Mer de cuivre en Finistère
Sur les hauteurs de Molène, près du sémaphore désarmé et transformé en musée, l’école accueille une dizaine d’enfants de la maternelle au collège. « Les cours commencent à 11 heures le lundi matin après l’arrivée de l’enseignant par le bateau », explique Gwenola Gervais qui scolarise sa petite fille de 6 ans la moitié de l’année à Molène. La jeune femme habite la maison voisine, celle de sa grand-mère, qu’elle a retapée avec des bénévoles de l’association Culture Breizh’îlienne pour la transformer en auberge à tarifs accessibles et en tiers-lieu consacré aux enjeux du littoral. « Je voudrais faire vivre la maison avec la culture de l’île, l’ouvrir aussi aux Molénais qui pourront y témoigner de leur expérience avec la mer », résume celle qui est diplômée en biologie marine ainsi qu’en économie de l’agriculture et de la pêche. Nous avons passé la nuit à Molène dans le gîte Chez Albin. Dans notre chambre sur le port, la fenêtre ouvre sur un tableau. À 7 heures, comme encouragé par le son des cloches, le soleil se lève sur une mer cuivrée et criblée d’embarcations. Quelques pêcheurs godillent sur l’eau pour rejoindre leur bateau. Il suffit d’une heure pour faire le tour de Molène et cheminer sur les hauteurs de la côte ouest, livrée au vent, sauvage. C’est le rituel quotidien de Christine Delerue, gérante de l’épicerie. Il y a dix ans, elle découvre Molène en famille lors d’une brève escale, à la fin de vacances en Bretagne.
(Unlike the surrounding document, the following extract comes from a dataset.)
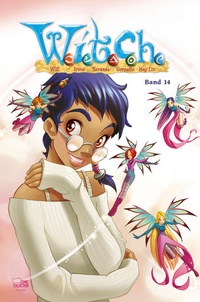 Enlarge image Cover: WITCH 14 - Egmont Comic Collection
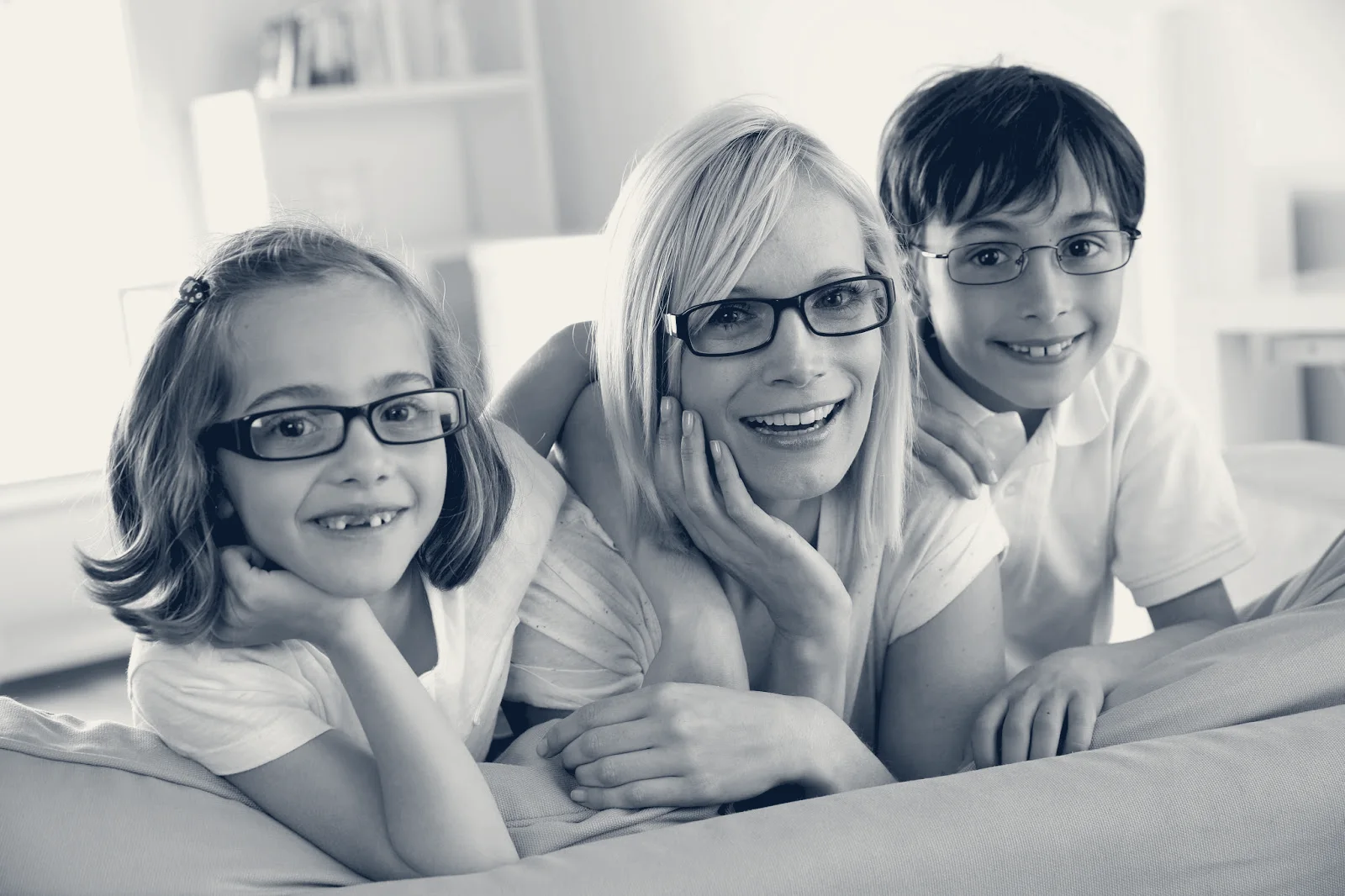 Vision Center — Farmingdale, New York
Elle emprunte le même sentier qu’aujourd’hui, quelque chose se passe. « C’est difficile à expliquer, une sorte de connexion avec l’île, suivie de la nécessité absolue de venir s’installer ici », se souvient-elle avec émotion. De retour chez elle, dans le nord de la France, elle prend sa décision, avec mari et enfants, en quatre jours. Qu’est-ce que la vie à Molène lui apporte ? « La rencontre avec moi-même. J’ai l’impression que l’île m’a révélée. La proximité avec la nature est essentielle aussi. Ici, les éléments te remettent vite à ta place. »

Pêche sous contrôle

Nous avons atteint la table d’orientation, à l’extrémité nord, avec une vue à 360° sur la mer. On distingue le bateau semi-rigide des Affaires maritimes qui s’approche de l’embarcadère. Dans le cadre de leur patrouille, Frédéric Le Meil, chef de l’unité littorale, et son collaborateur Christophe Delaunay ont accepté de nous embarquer pour l’île de Quéménès, distante de 5 kilomètres. « Le Finistère est le plus grand département côtier, insiste le duo, alors que nous mettons le cap au sud-est. Il existe une grande diversité de pêche et de nombreux goémoniers travaillent en mer d’Iroise. Nos missions consistent à veiller à la sécurité de la navigation, contrôler les pêches, s’assurer qu’il n’y a pas d’atteintes à l’environnement et procéder aux vérifications administratives. » Comme pour appuyer ces propos, nous croisons plusieurs navires armés d’un scoubidou, sorte de grand crochet qui extrait le goémon avec un mouvement de rotation. Bientôt, l’île de Quéménès apparaît dans son dépouillement extrême, silhouette plane seulement interrompue par quelques bâtiments de pierre.